Now that California's 1989 assault weapons ban has come under a legal cloud, it is imperative that the Legislature enact a comprehensive new law prohibiting the manufacture, sale and possession of these killing machines.
The Senate can take a major step in that direction this week by passing AB 23, sponsored by Assemblyman Don Perata (D-Alameda).
The Assembly already has passed the measure, but if the legislation is cleared by the Senate it will have to return to the lower house for approval of Senate amendments. The final stop would be the desk of Gov. Pete Wilson.
The original ban, enacted after five children were killed with an AK-47 assault gun in a Stockton schoolyard in 1989, listed a number of assault weapons by name or model number, such as the AK-47, Uzi and AR-15. More names were added, eventually totaling 75, as arms makers began manufacturing similar guns under different designations.
The Legislature then amended the law to allow the state attorney general to add copycat models to the list as they appeared, with the concurrence of the courts. But the Court of Appeal, ruling in a case brought by Colt Manufacturing Co. in 1991, said this was an unconstitutional delegation of legislative power to the judiciary.

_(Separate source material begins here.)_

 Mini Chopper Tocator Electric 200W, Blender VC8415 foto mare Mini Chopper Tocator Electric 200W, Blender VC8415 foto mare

Then the court said the entire law probably is unconstitutional because it bans some assault weapons but not others that are essentially the same as those on the blacklist.
Atty. Gen. Dan Lungren has advised law officers to continue to enforce the law until the case can be appealed to the state Supreme Court. But there is no need for the Legislature to wait to pass a new law. In fact, it shouldn't. The present law is flawed and needs to be replaced anyway.

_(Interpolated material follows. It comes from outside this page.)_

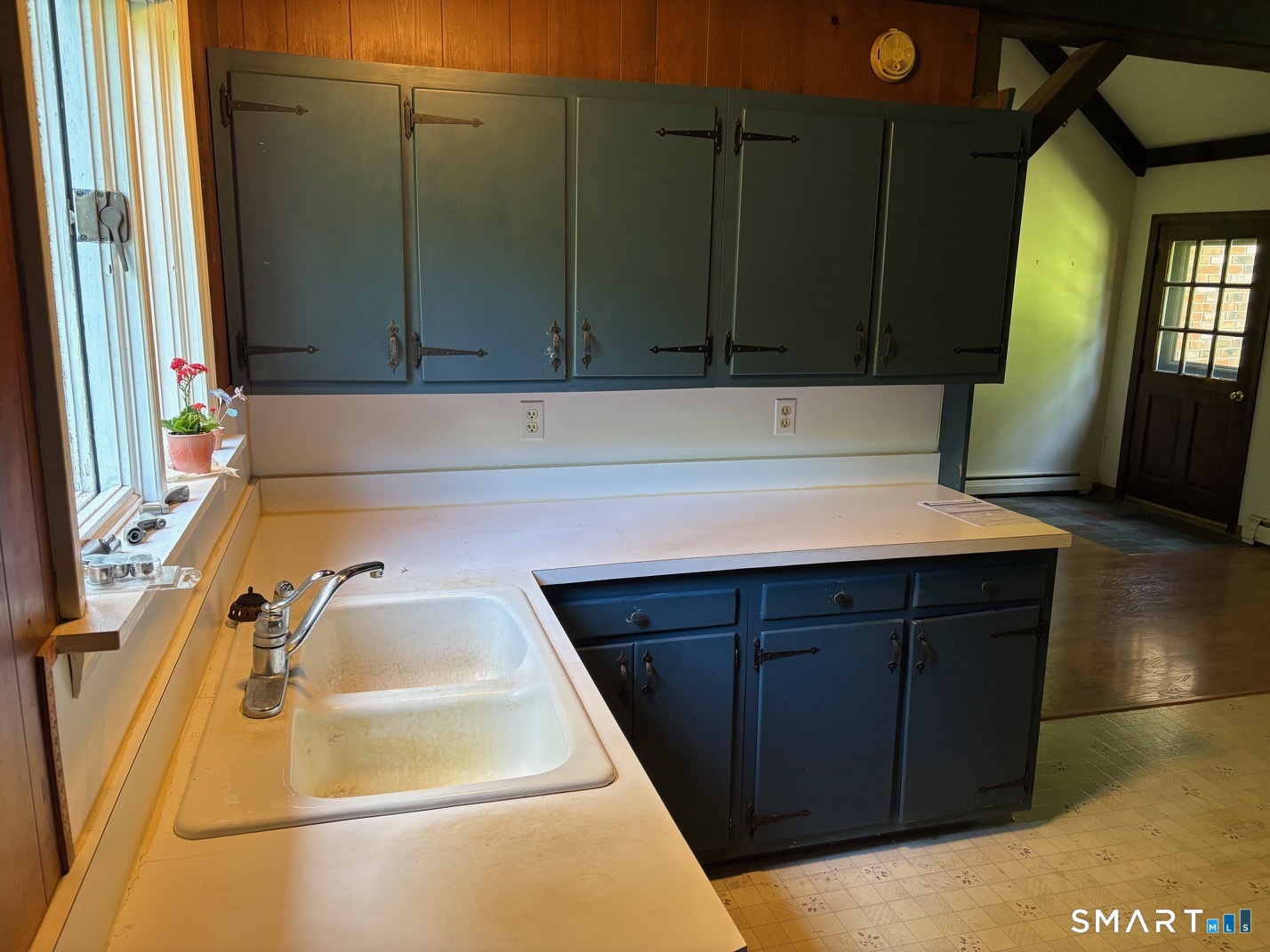 600 Thomaston Road Watertown CT 06795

Perata's bill would define outlawed weapons generically, according to their concealability, maneuverability and firepower. Those that fell within the definitions would be outlawed, no matter how they were described by the manufacturers.
The National Rifle Assn. has complained that the bill "seeks to ban the mythological class of firearms known as 'assault weapons.' " Really. There is no myth about what these firearms look like, how they work and the amount of destruction they can cause. And when the bill becomes law, there will be no legal question either.